## Available data
+ + +

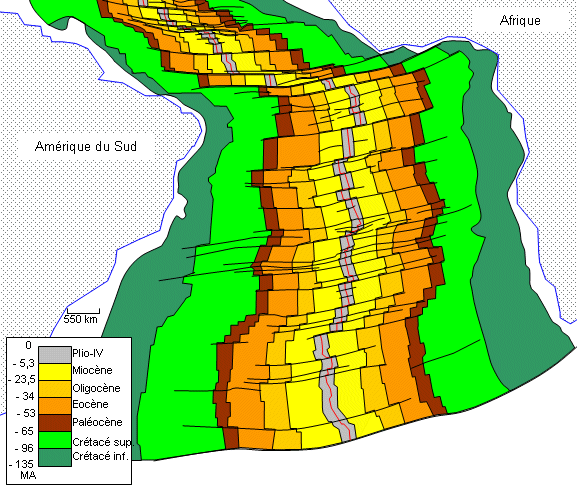 Nom : SEDIMENTS-ATLANTIQUE-SUD.gif
Affichages : 54
Taille : 63,4 Ko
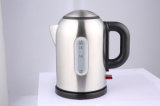 Stainless Steel Cordless Electric Kettle 1.5L Jl150066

+ + +

## Your goal
The data must be repeated exactly. Any pictures in it are to be left out.

## Written reply
 Nom : SEDIMENTS-ATLANTIQUE-SUD.gif
Affichages : 54
Taille : 63,4 Ko
 Stainless Steel Cordless Electric Kettle 1.5L Jl150066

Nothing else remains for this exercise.